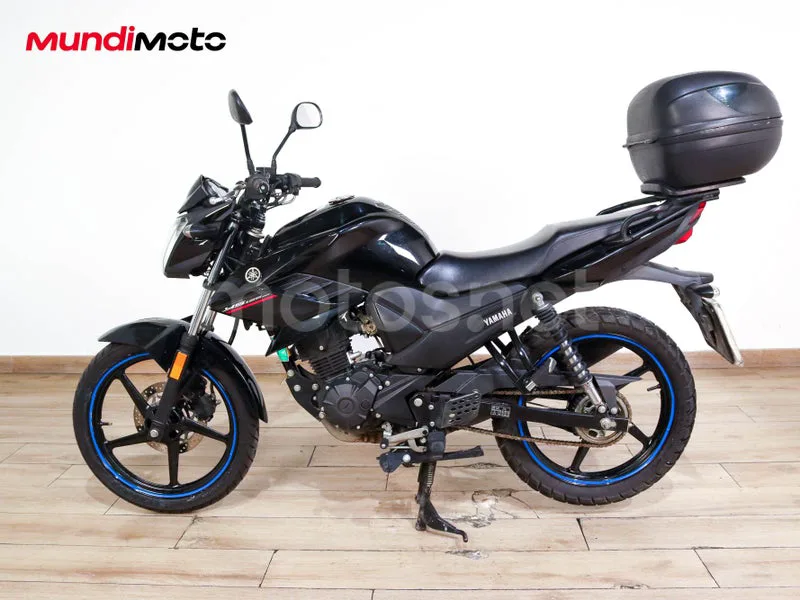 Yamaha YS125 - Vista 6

==

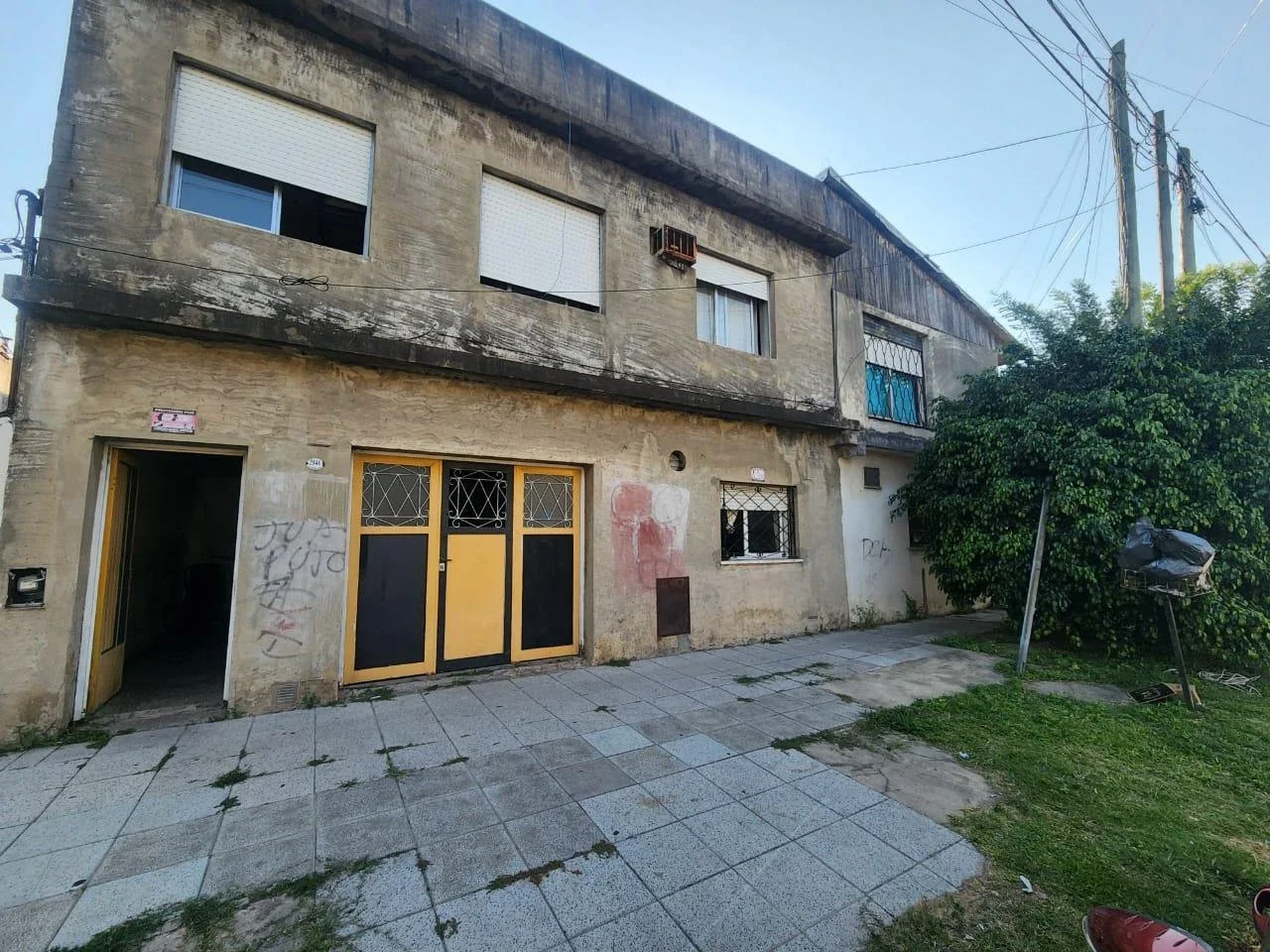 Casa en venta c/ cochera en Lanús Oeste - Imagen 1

* * *

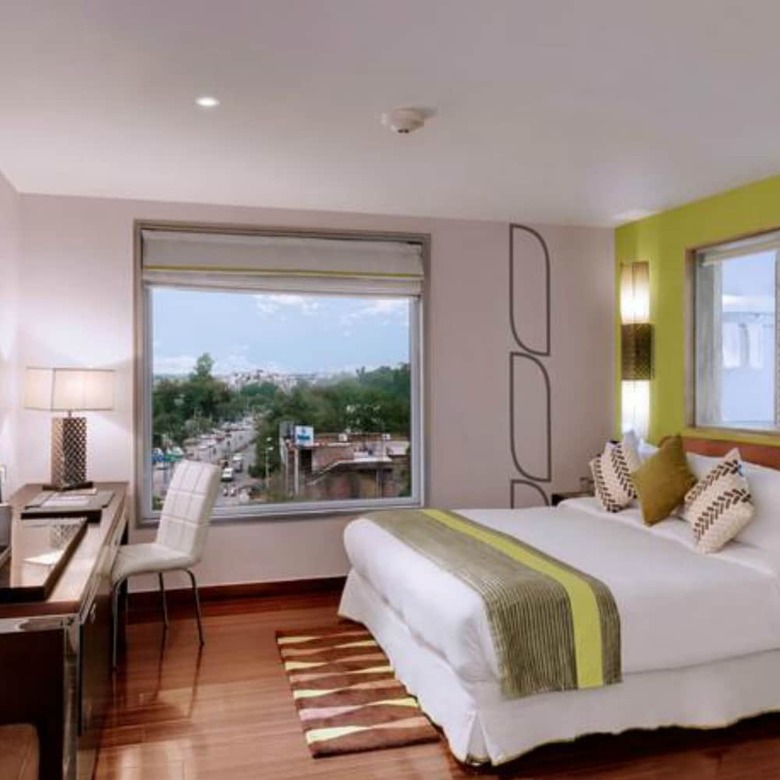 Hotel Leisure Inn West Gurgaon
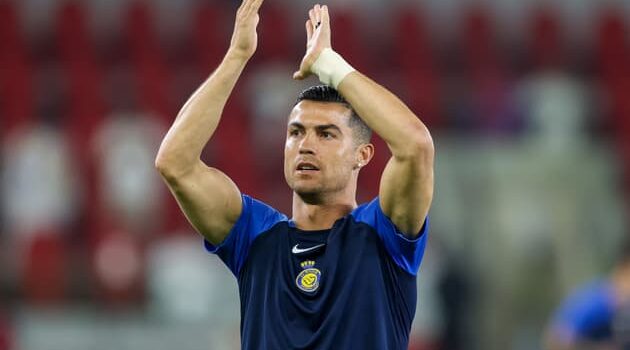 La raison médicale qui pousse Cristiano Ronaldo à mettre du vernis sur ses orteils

* [PROBLEM STATEMENT] Copy only what runs above from the line containing "Hotel Leisure Inn West Gurgaon" through the line containing "La raison médicale", exactly. Leave out the pictures.

* [FINISHED EXERCISE]
 Hotel Leisure Inn West Gurgaon
 La raison médicale qui pousse Cristiano Ronaldo à mettre du vernis sur ses orteils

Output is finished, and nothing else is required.